Even for private organizations, a bad reputation can lead to boycotts and ultimately a decline in profits. It is therefore important for an organization to protect their brands, and make sure to have appropriate franchisee behavior, whilst avoiding counterfeiting and fake goods.

Market: The market is a force that cannot be tamed. The outside world can influence the organization’s business potential, both quantity and opportunity wise. The constant evolution of digitization changes the terms on which business is conducted, and how products are shaped, delivered and reviewed. Organizations are always challenged by different forces from the external environment, such as the buyers, suppliers, competitors and even the replacement of an identical, yet better product.

Lastly we have the 4P’s. These are factors that can bring potential disruption and harm to our operations.
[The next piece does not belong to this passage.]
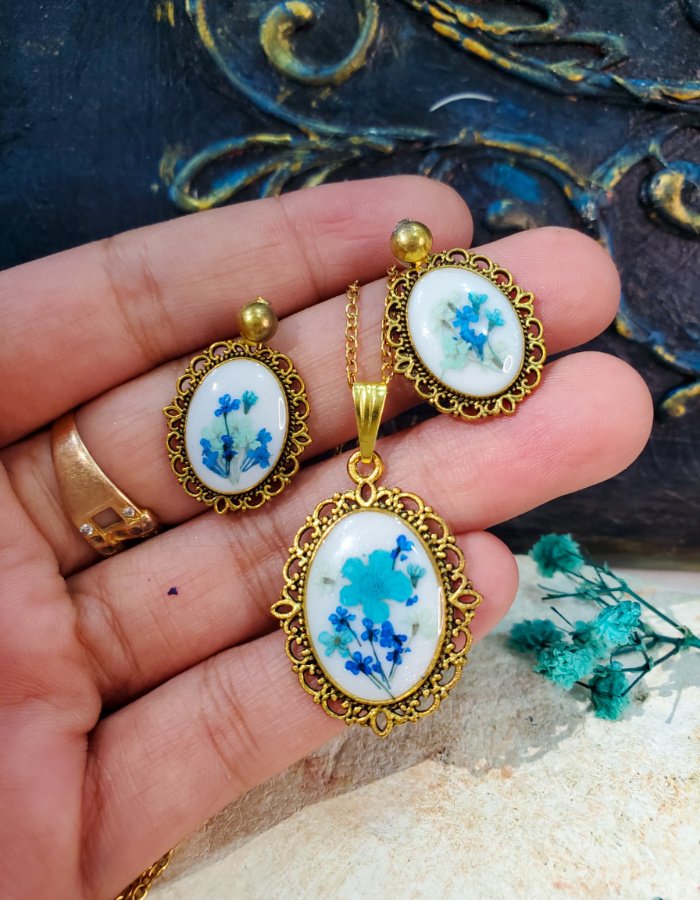 BCH0RJEPR0502 5 Zar‑e‑Neelam Blue Floral Pendant and Earring Set – handmade flower jewelry set, view 3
They are defined as:

People: Lack of skills, unexpected absence of key personnel, ill-health accident or injury to people.
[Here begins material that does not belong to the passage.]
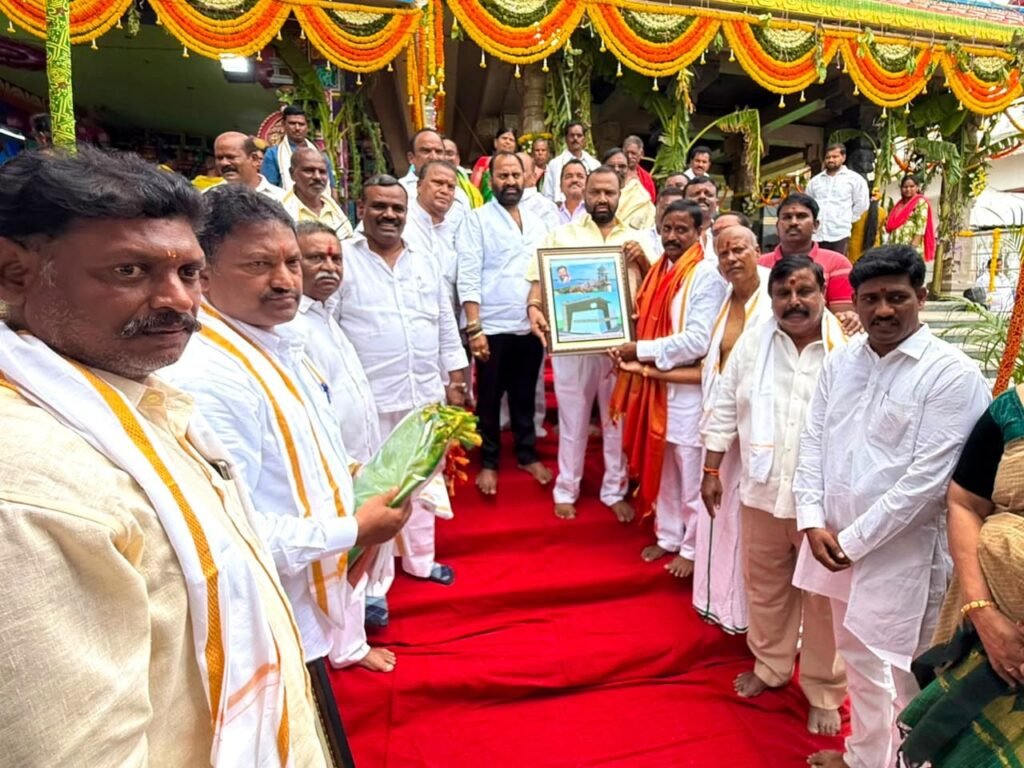 జీడిమెట్లలో ఘనంగా కట్ట మైసమ్మ–బంగారు మైసమ్మ–గంగమ్మ విగ్రహ ప్రతిష్ఠ మహోత్సవం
Premises: Theft or loss of physical assets, property damage and contamination on premises.

Processes: IT-failures, inadequate management of information, disruption by hackers/viruses.

Products: Poor product/service quality, delivery of defective goods or components, disruption caused by failure of supplier, failure of outsourced services and facilities.

Relational coordination

Risk Management

When cooperating across sections there may arise a line of potential problems, mainly in regards to the communicative aspect. These problems arise as a result of the clashing of different expertise, authorities and cultural differences. In relation to this a professor within the field of management by the name of Jody H. Gittel has come up with her theory of relational coordination. This theory is mainly focused on the public sector, it is however still applicable for international private organizations. By using this theory as a tool, this theory can help analyse the interpersonal processes, which could potentially be barriers for optimal efficiency. This theory has furthermore been the foundation for multiple Danish consultants, whom have come with their own additions to this theory. Consultants such as Carsten Hornstrup claim that the definition of a good relationship is subjective, and a certain relationship can therefore be seen in two completely opposite ways. A relevant factor in this is the individuals authoritative position within the hierarchy of the organization, whereas leaders will often have a more positive outlook on the relation.

Jody H. Gittel has put up a negative and positive spiral with the purpose of illustrating what indicates a positive and negative relationship. The reason it is illustrated as a spiral is that, a relation is heavily built upon the communication and likewise. There is therefore no real ‘starting point’ and one should try to improve one of the following aspects, in order to breakthrough the next until it comes into full circle.

The theory of relational coordination is based on two different dimensions: Relations and communication. The quality of these aspects are defined as such:


  1. Mutual goals: Same interpretation of the mission objective within an organization, where a task is solved based on a set of common, clarified goals. This is also synonymous with the organization’s vision, so it is crucial that everyone is on the same page regarding the overall goal.
  2. Mutual knowledge: To which degree are the different groups familiar with each others professional field and competences? This is not only about perfoming one another’s list of duties, but also knowing and understanding them.
  3. Mutual respect: Whether the different groups feel acknowledged for their contribution to solving the common task. This is where the higher placed personnel may show a lack of respect other groups, which ultimately affects the common engagement in a negative way


  1. Frequent and timely: This indicator revolves around whether communication is timed correctly, often and interpreted in a meaningful way. The overall coordination suffers if the communication is too frequent, too rare or timed incorrectly.
  2. Precise and problemsolving: Is the communication constructive, practical and relevant? The task needs to be presented in a comprehensive way for the receiver, and needs to address the actual issue at hand.